Respondent asserts that the hearing officer did not consider petitioner’s documentary evidence because she failed to present such evidence at the hearing. Respondent states that in fact, petitioner submitted no evidence at the hearing, and submitted this evidence for the first time with her petition. Respondent argues that even if such evidence were considered at this stage, the evidence is contradicted by its surveillance report and evidence regarding petitioner’s car and telephone registration. In addition, respondent asserts that there is no confusion about the automobile sighted at 44 Mt. Joy Avenue; that automobile was registered to petitioner, not her sister. Respondent argues that petitioner has at most shown an intention to reside temporarily with her sister at 110 Brooklyn Avenue since she testified at the hearing that the arrangement was a temporary one and that she planned to move after her sister’s baby was born. Finally, respondent argues that petitioner is attempting to take advantage of the district's educational program, since she testified that she was dissatisfied with Martin’s previous education at a private school during the 1996-1997 school year and that the services available in the district are better.

On June 30, 1998, my Office of Counsel requested information from petitioner’s counsel pursuant to 8 NYCRR "276.5. Specifically, the letter noted that on page three of the petition, petitioner stated that the reason for her move in September 1997 to 110 Brooklyn Avenue was to assist her sister who was pregnant. Since the move occurred in September 1997, the pregnancy would have concluded at the very latest by May or June 1998. Thus, the letter inquired whether petitioner was remaining at 110 Brooklyn Avenue, and if not, whether there was a need to continue this appeal.

Petitioner’s counsel informed my Office of Counsel in mid-July and again on August 10, 1998, that his attempts to contact petitioner had been unsuccessful and her whereabouts were unknown. He submitted an envelope addressed to petitioner at 110 Brooklyn Avenue, which was returned to him unopened.

Accordingly, it appears that petitioner is not residing at 110 Brooklyn Avenue, apartment 2M, Freeport. Absent evidence to the contrary, the appeal is now moot. It is well settled that the Commissioner will only decide matters which are in actual controversy and will not render a decision upon facts which no longer exist or which subsequent events have laid to rest (Appeal of Boehm, 37 Ed Dept Rep 208; Appeal of Postal, 36 id. 1).

Even if the petition were not dismissed as moot, it would be dismissed on the merits.

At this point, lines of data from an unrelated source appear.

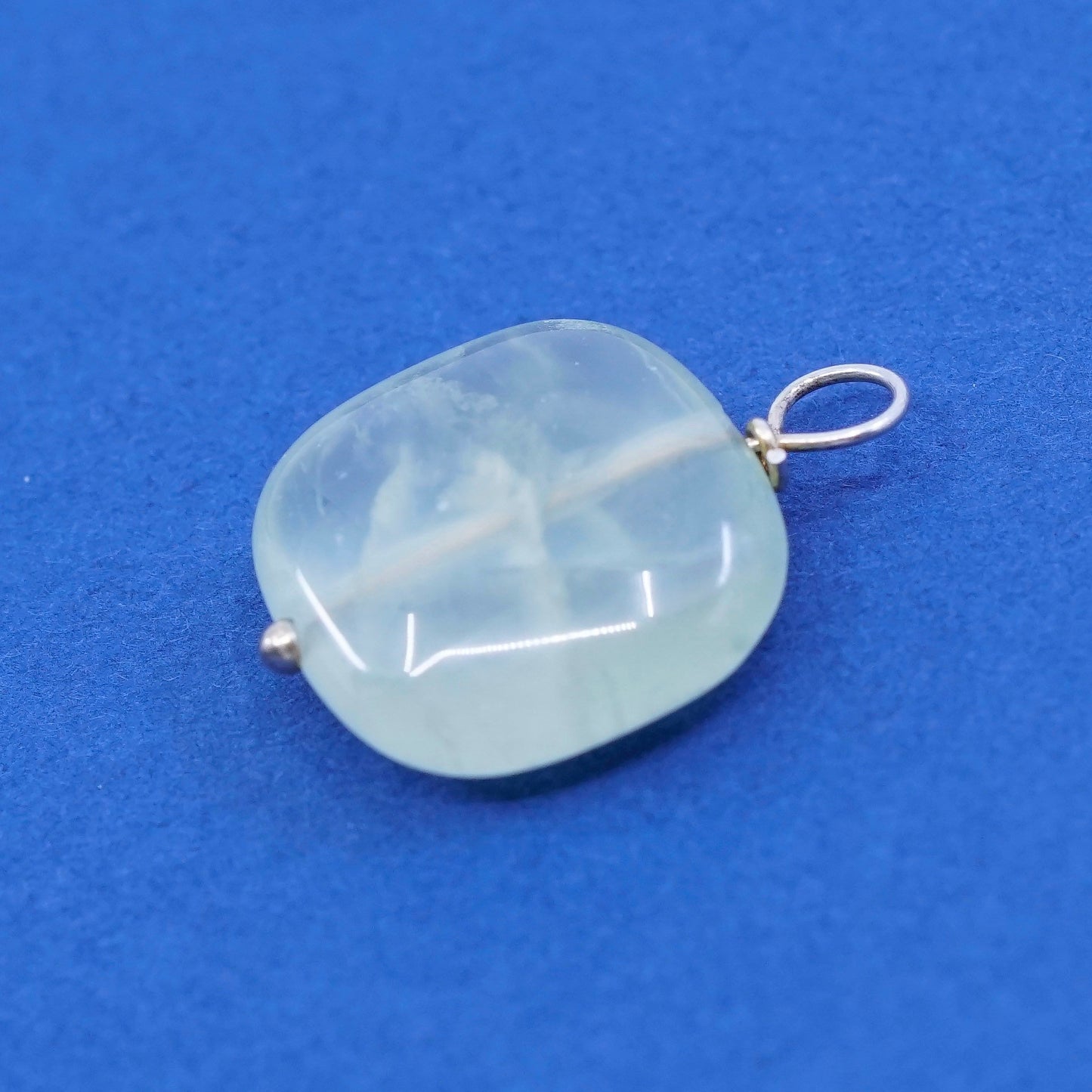 Vintage Sterling 925 silver handmade pendant with jade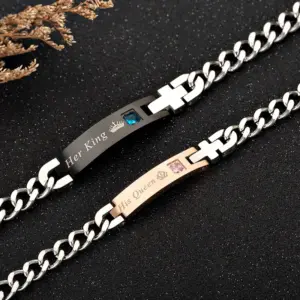Fashion 201 Stainless Steel Gold Plated Artificial Gemstones Stainless Steel Bracelets In Bulk
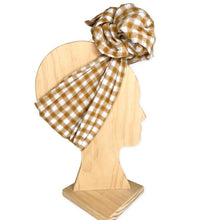 Load image into Gallery viewer, Mustard Gingham Boho Wire Headband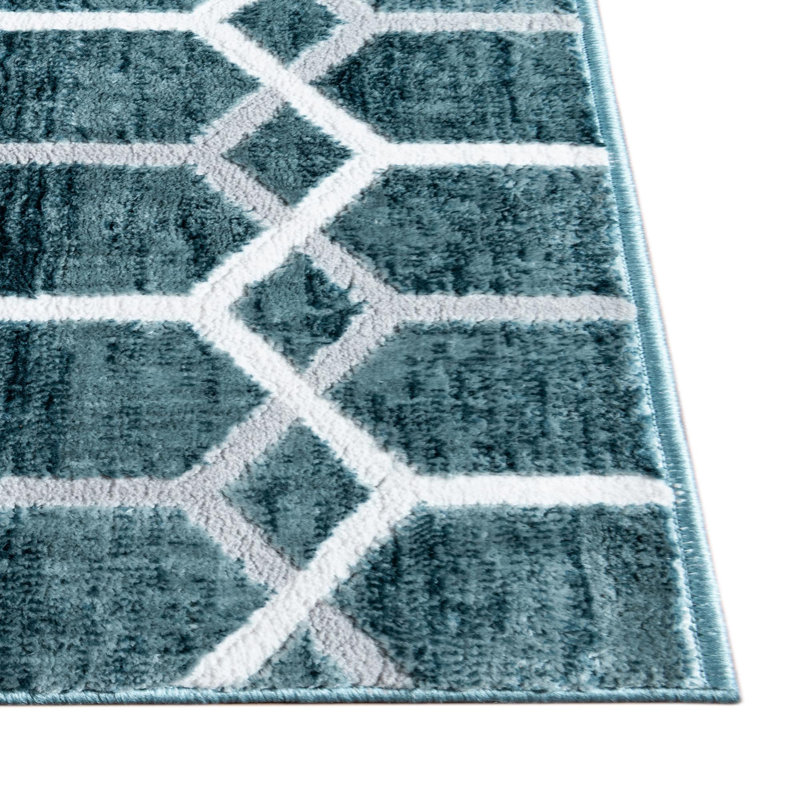 Tapis bleu / ivoire en laine Numa, Octogone 5 pi 3 po x 5 pi 3 po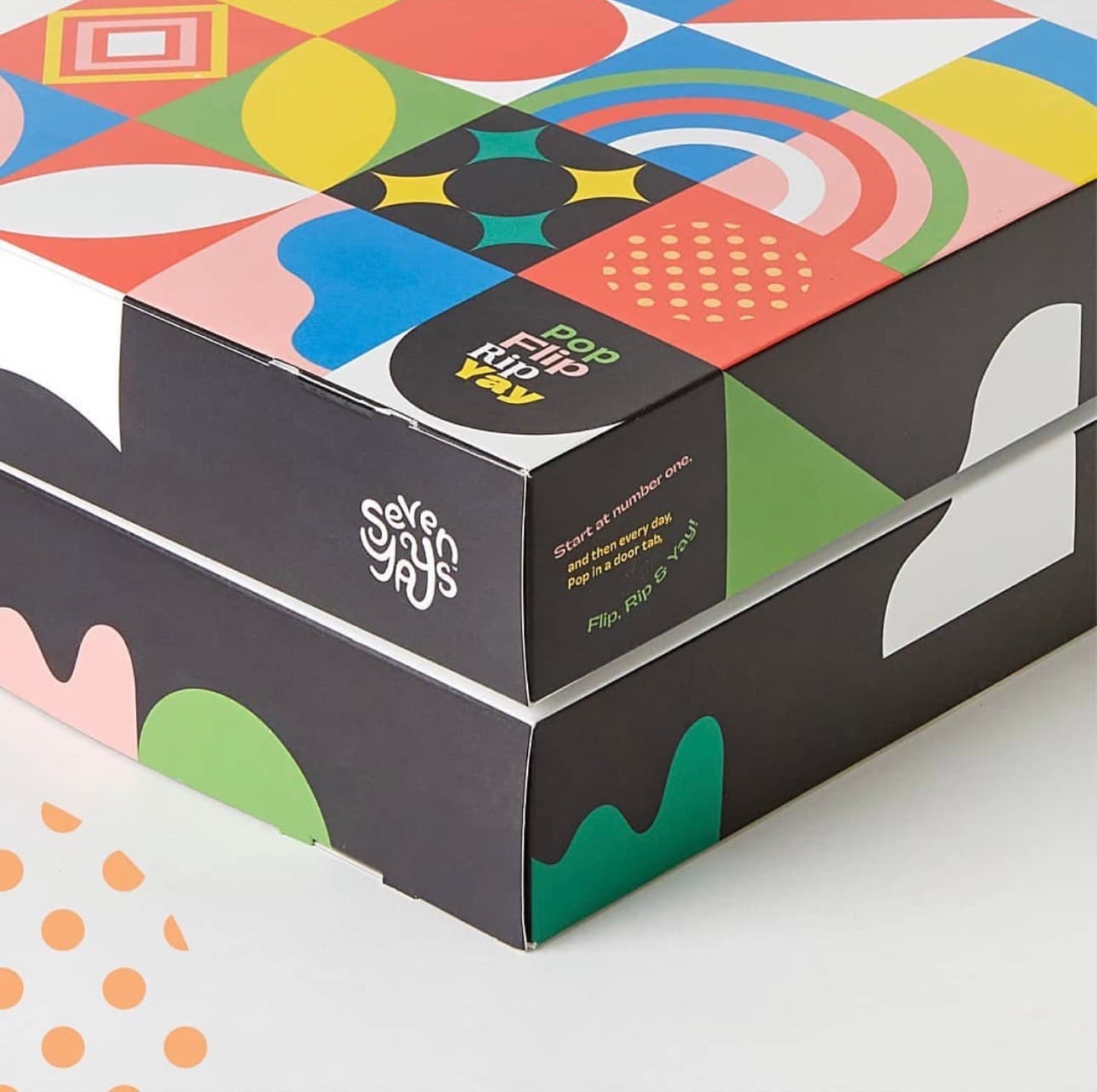 The original handmade Seven Yays birthday gift box with seven doors
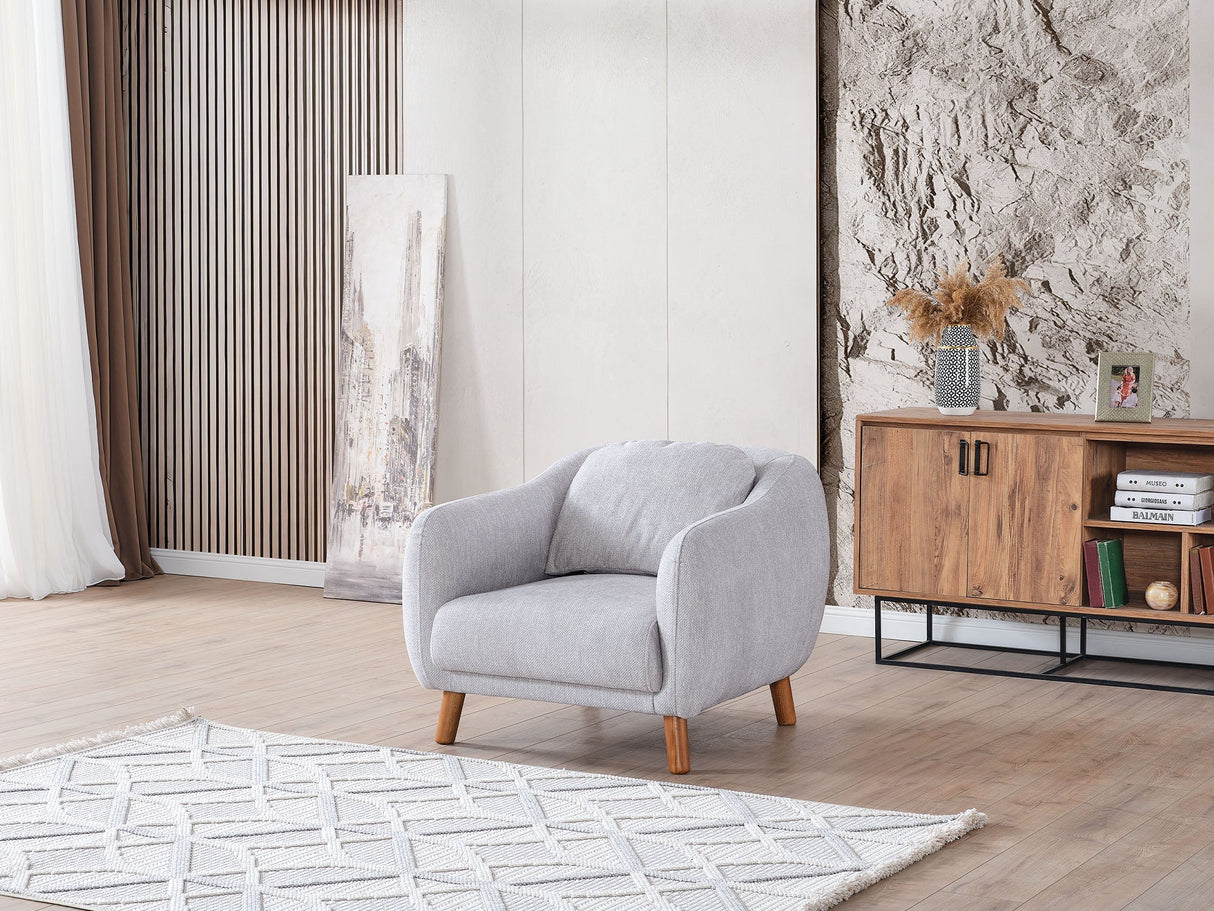 Happy 4-pieces (2 Sofa & 2 Chair) Livingroom Set in Grey by Furnia at Eve Furniture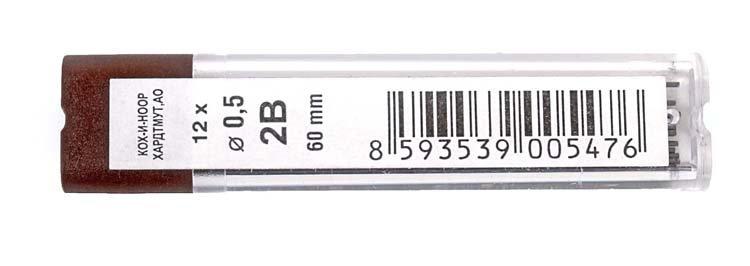 Грифели для автоматических карандашей Koh-i-Noor толщина грифеля 0,5 мм, твердость 2М, 12 шт. - фото 2 - id-p133125876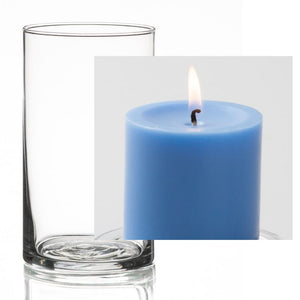 Richland Pillar Candle 3" & Eastland Cylinder Holder 6" Set of 12 (Choose your Color)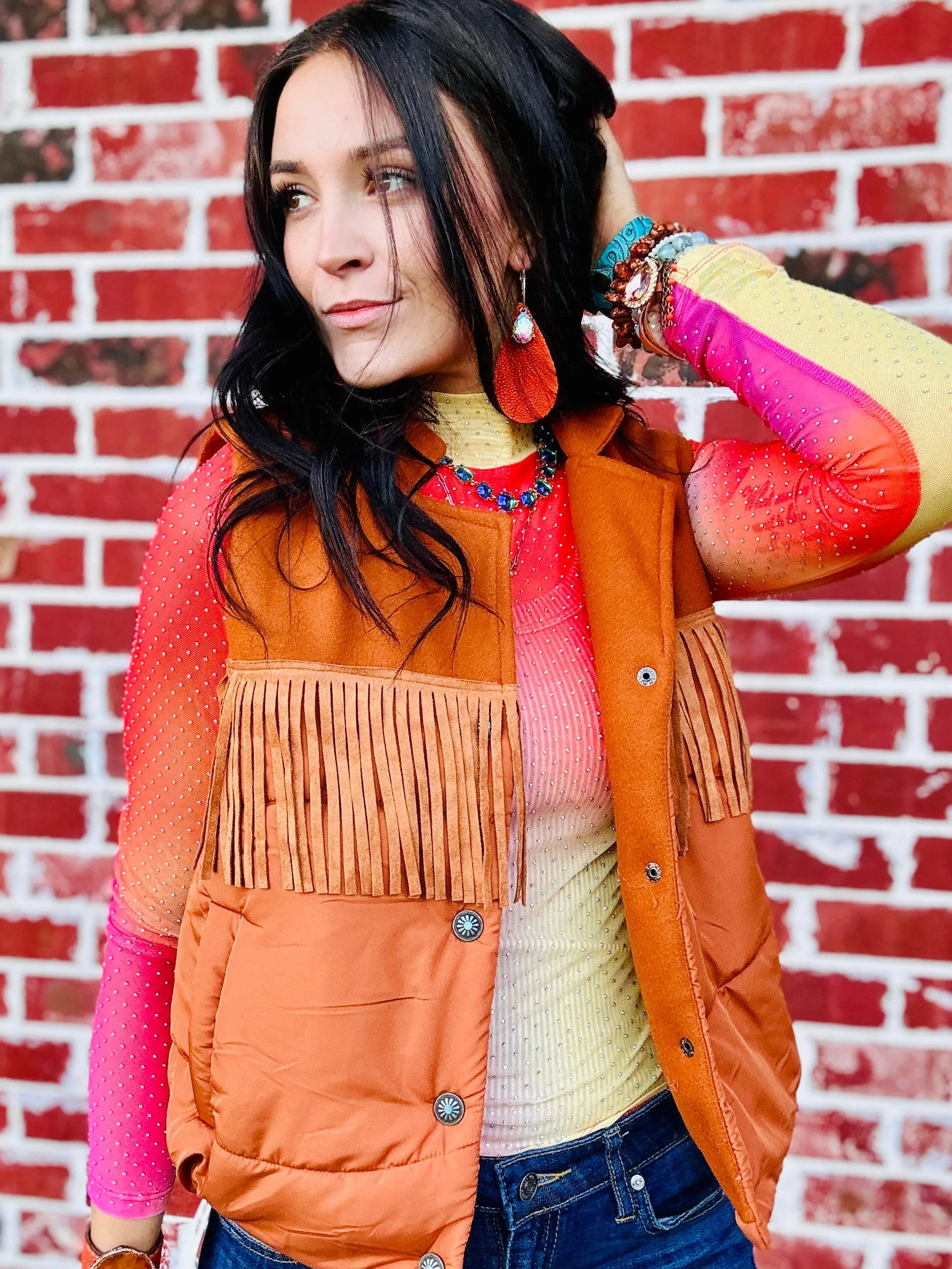 Ya'll Fly Fringe Vest-Cognac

Education Law "3202(1) provides, in pertinent part:

A person over five and under twenty-one years of age who has not received a high school diploma is entitled to attend the public schools maintained in the district in which such person resides without the payment of tuition.

The purpose of this statute is to limit the obligation of school districts to provide tuition-free education to students whose parents or legal guardians reside within the district (Appeal of Schwartzburt, 37 Ed Dept Rep 139; Appeal of Brutcher, 33 id. 56; Appeal of Curtin, 27 id. 446).

For the purposes of Education Law "3202(1), a person can have only one legal residence (Appeal of Schwartzburt, supra; Appeal of a Student with a Disability, 36 Ed Dept Rep 113; Appeal of Britton, 33 id. 198). A "residence" means "domicile" which is established by one's physical presence and the intention to remain there permanently (Appeal of Doyle-Speicher-Maldonado, 35 Ed Dept Rep 110; Appeal of Cupid, 34 id. 609). Petitioner has failed to submit sufficient evidence to meet this standard. To the contrary, her testimony at the December 8 residency hearing and the petition attest to petitioner’s intent to remain only temporarily at her sister’s apartment at 110 Brooklyn Avenue and to leave once her sister’s baby was born. In addition, I find respondent’s evidence regarding petitioner’s lack of physical presence in the district persuasive.

Since the appeal is dismissed, I need not address the parties’ remaining contentions. However, I remind respondent, when making residency determinations in the future, to comply with the procedures required by 8 NYCRR "100.2(y), including affording individuals the opportunity to submit information concerning residency prior to making a determination.